[RECORDS PROVIDED Boundary: Start]

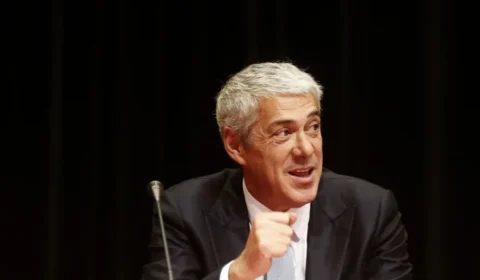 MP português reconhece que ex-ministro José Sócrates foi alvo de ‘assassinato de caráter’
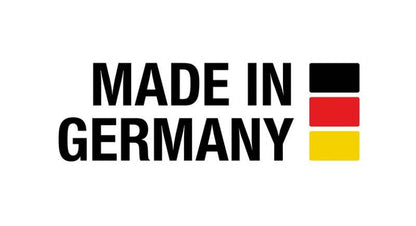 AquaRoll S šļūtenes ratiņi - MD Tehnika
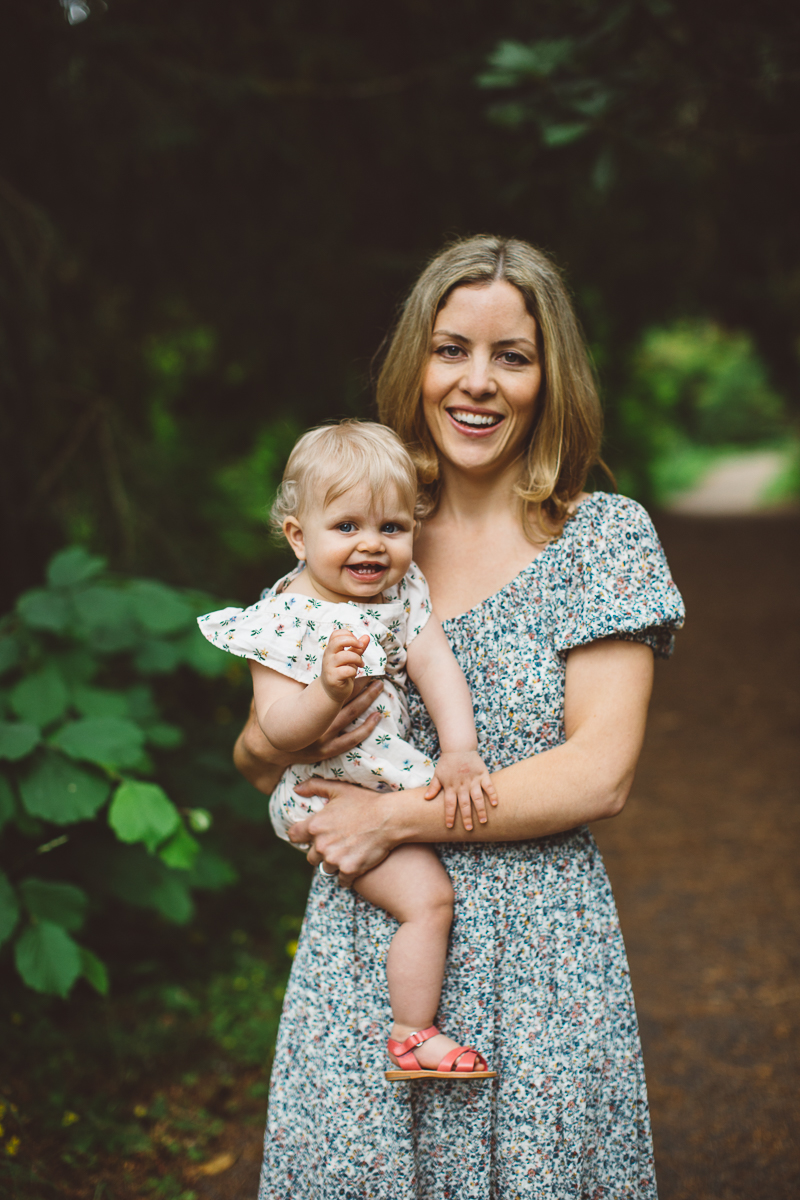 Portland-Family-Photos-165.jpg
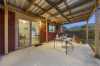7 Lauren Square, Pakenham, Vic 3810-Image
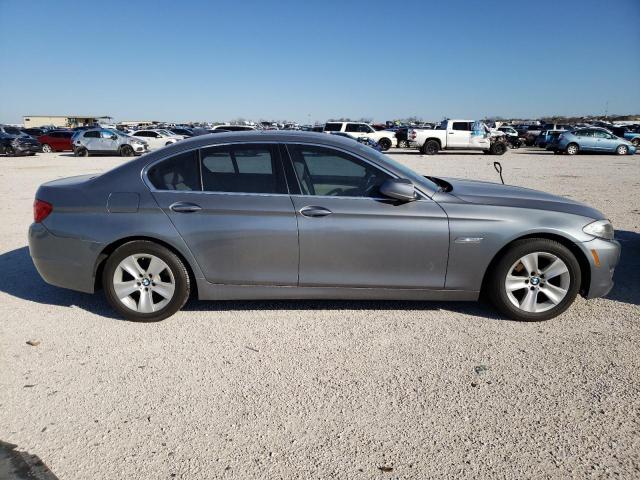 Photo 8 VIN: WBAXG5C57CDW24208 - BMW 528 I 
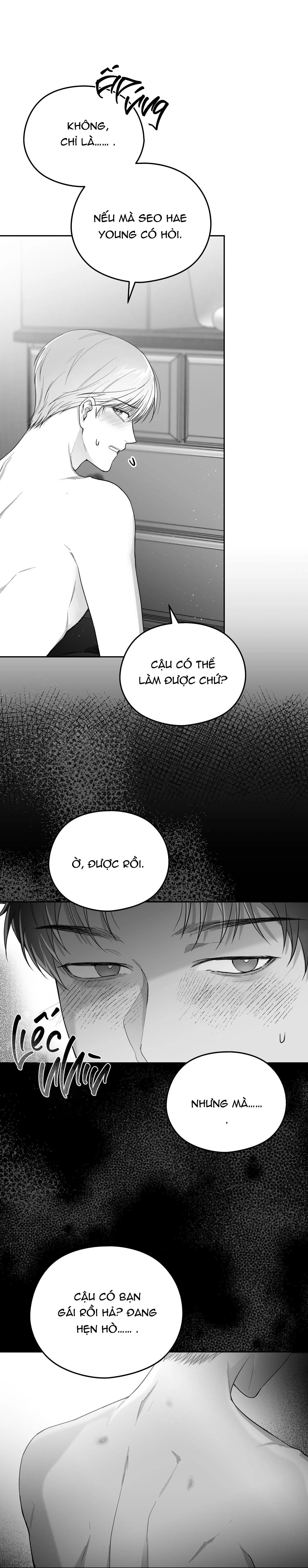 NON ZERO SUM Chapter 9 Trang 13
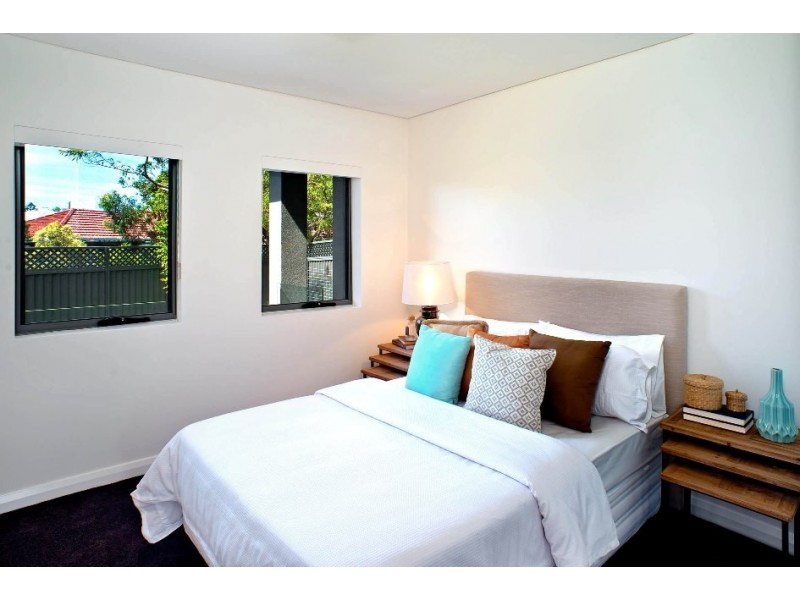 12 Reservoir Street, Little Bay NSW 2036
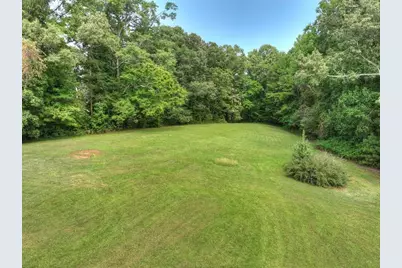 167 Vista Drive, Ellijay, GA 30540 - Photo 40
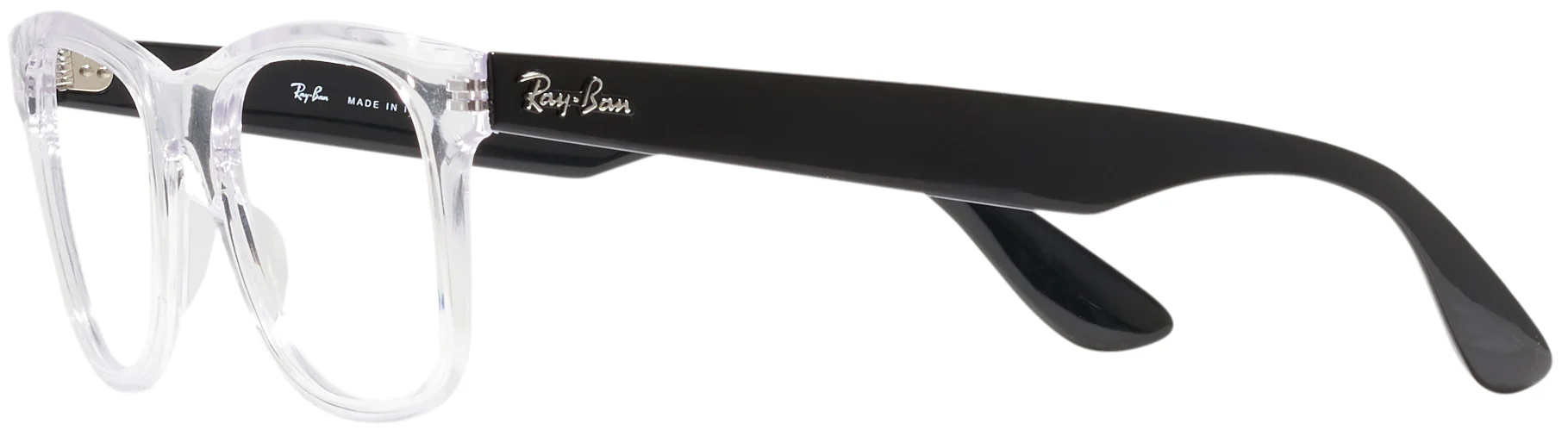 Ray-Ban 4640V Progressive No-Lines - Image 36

[RECORDS PROVIDED Boundary: End]

The expected answer is the line with "167 Vista Drive, Ellijay, GA" followed by every remaining line of the listing, each restated exactly, with all pictures dropped.

 167 Vista Drive, Ellijay, GA 30540 - Photo 40
 Ray-Ban 4640V Progressive No-Lines - Image 36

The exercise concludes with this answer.